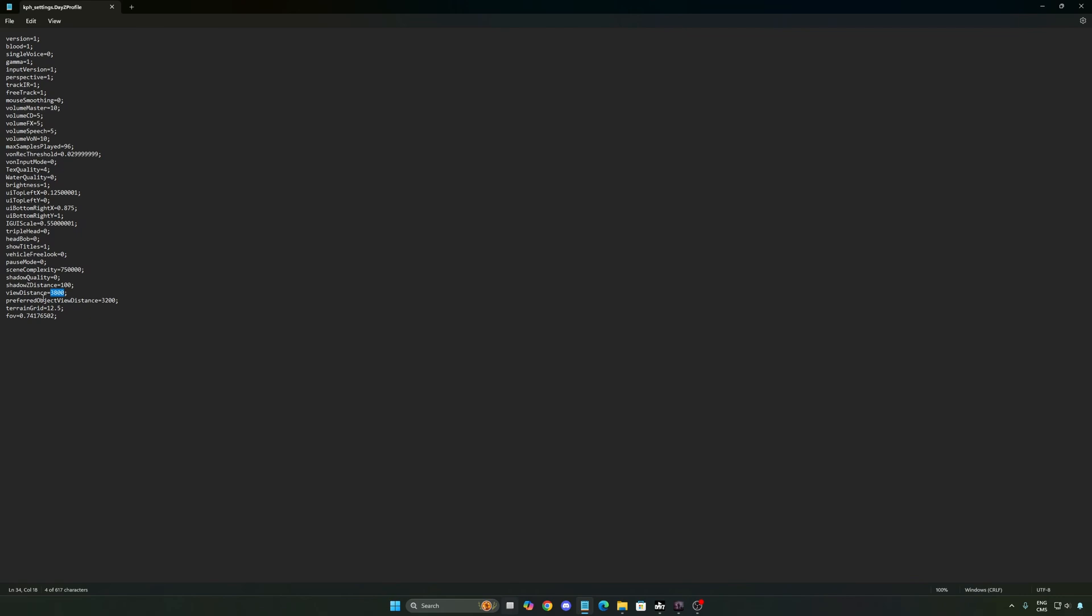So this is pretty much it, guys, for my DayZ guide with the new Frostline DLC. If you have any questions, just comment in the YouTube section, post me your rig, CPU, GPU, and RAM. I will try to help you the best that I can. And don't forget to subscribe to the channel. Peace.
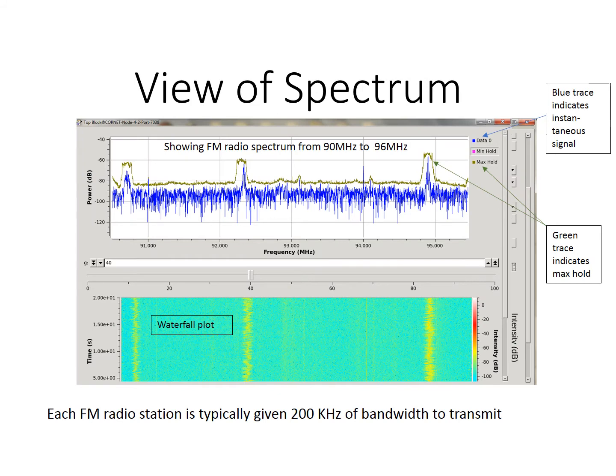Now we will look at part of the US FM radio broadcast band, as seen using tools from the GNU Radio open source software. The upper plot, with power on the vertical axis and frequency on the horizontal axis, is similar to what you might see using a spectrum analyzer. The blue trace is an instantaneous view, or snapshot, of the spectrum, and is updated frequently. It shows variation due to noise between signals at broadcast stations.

******************************

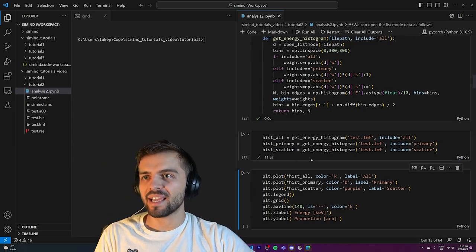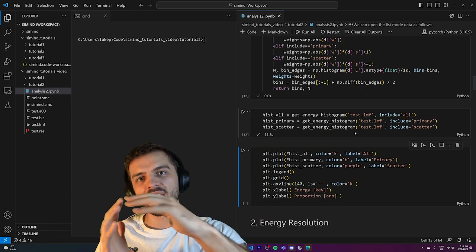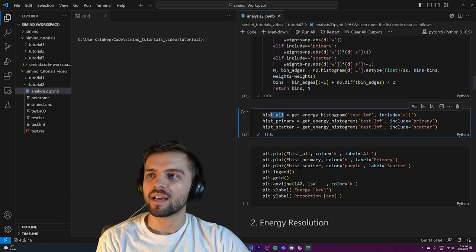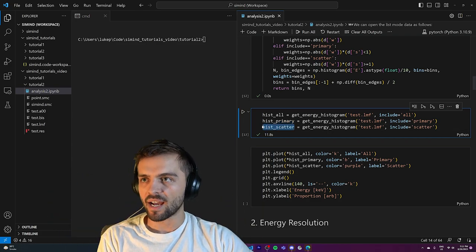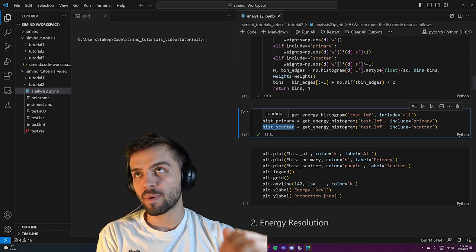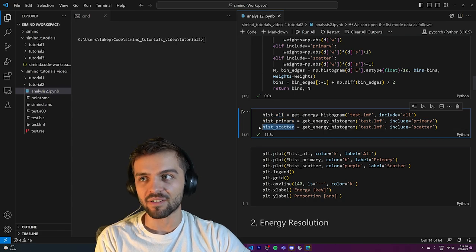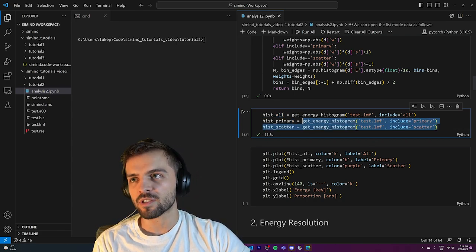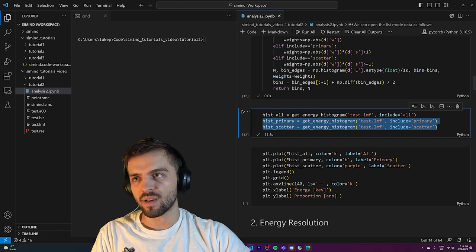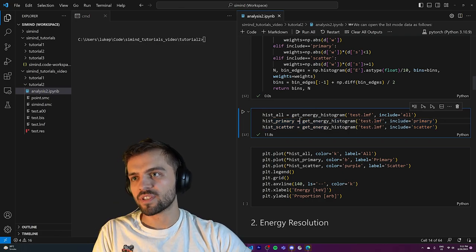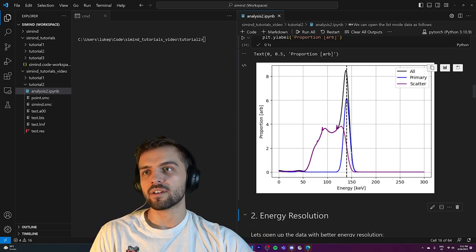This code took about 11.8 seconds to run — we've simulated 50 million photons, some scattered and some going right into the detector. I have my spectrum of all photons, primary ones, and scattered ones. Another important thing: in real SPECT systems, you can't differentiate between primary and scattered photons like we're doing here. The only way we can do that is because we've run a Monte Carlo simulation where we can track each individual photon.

******************************

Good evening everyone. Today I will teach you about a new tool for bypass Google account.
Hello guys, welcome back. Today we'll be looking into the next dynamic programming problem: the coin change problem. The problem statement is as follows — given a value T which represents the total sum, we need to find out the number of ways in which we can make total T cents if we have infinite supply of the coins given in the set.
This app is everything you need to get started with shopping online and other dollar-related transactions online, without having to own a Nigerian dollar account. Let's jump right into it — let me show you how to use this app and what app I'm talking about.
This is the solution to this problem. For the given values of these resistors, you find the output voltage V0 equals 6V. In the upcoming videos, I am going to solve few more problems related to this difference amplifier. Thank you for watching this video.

******************************

* Try it *
When you find a line in the records that contains the word "related", copy it.

* Response *
This app is everything you need to get started with shopping online and other dollar-related transactions online, without having to own a Nigerian dollar account. Let's jump right into it — let me show you how to use this app and what app I'm talking about.
This is the solution to this problem. For the given values of these resistors, you find the output voltage V0 equals 6V. In the upcoming videos, I am going to solve few more problems related to this difference amplifier. Thank you for watching this video.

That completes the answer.